Carmine had made other changes to himself too - a whole new disguise. He was pretending to be a house painter, after seeing a bunch of them driving by Haiti Mystique to go and work on the houses Sam was renovating on the corner of

62nd Street and North East 2nd Avenue, close to the Dupuis Building. Carmine had bought a pickup second hand, eight gallons of white and yellow paint, brushes and floor sheets to put in the back; and then, to complete his transformation, he'd got himself a set of khaki overalls and steel-capped boots, which he'd dripped multicoloured paint on for that 'used look'. When Sam had seen him he'd told him he looked like he'd stepped out of a Jackson Pollock exhibition.

He'd tried his disguise out on a couple of Clubs. He'd solicited them in espanol. They'd taken one look at him and said they weren't no soup kitchen pussy. He hadn't blown his cover. He'd just turned, walked out and punched the air in triumph. No one looked twice at a painter — not even hos — so this way he'd be safe from the cops. Not that he'd actually heard anything more about the guy in the salon on the news, but that didn't mean they weren't looking for him.

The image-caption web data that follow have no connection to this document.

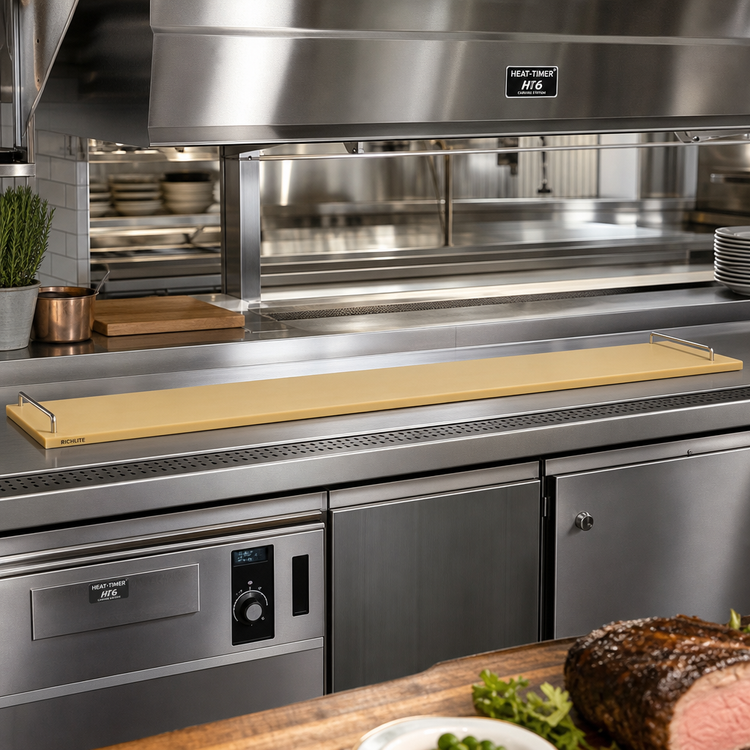 Product image #2 for Richlite Heat-Resistant Cutting Board with Stainless Steel Brackets for HT6 Carving Station, 94-1/2 Inch x 8 Inch x 1/2 Inch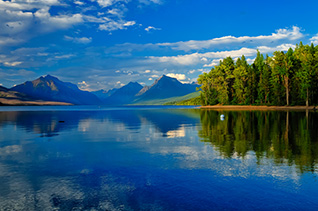 Glacier Lake McDonald fine art nature prints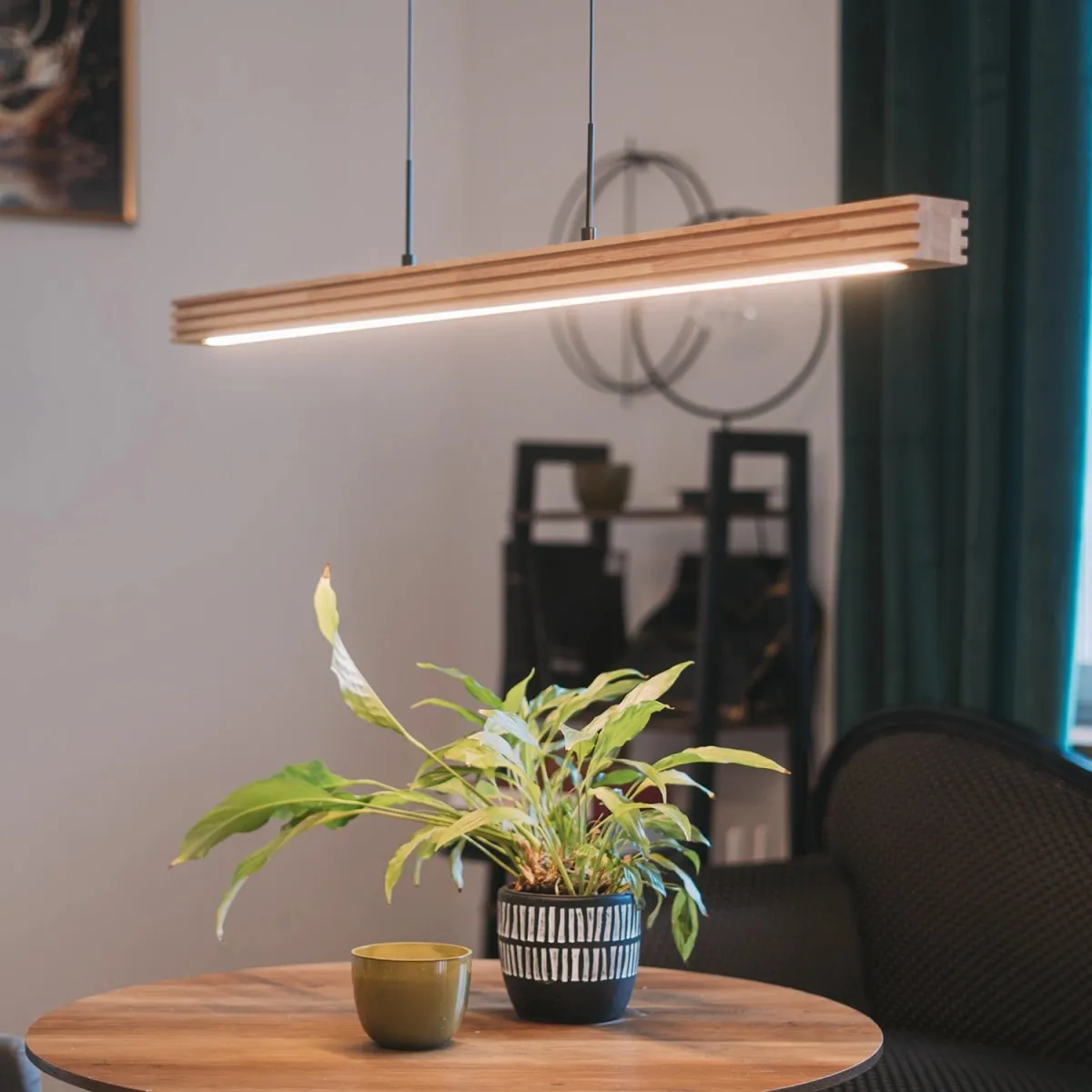 Lampa wisząca drewniana Hotaka No.1 120cm 3k Japandi - obrazek 6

He checked his watch: 2.37 p.m. Good, he thought, she'd be right in the middle of her shift. He'd catch her unawares, just sneak right up on her. Julita Leljedal.

He'd been looking for Julita for a year and a half. She skipped town, owing him $1,250. Last week one of his Spades had told him they'd seen her working at the - get this — meat section of HFS.

When he'd first seen her, in 1976, Julita had been a stripper over at an upmarket club called Luckies on Le Jeune. Back then he used to go trawling a lot of titty bars for potential Diamonds and Clubs, and the girls were usually real easy pickings.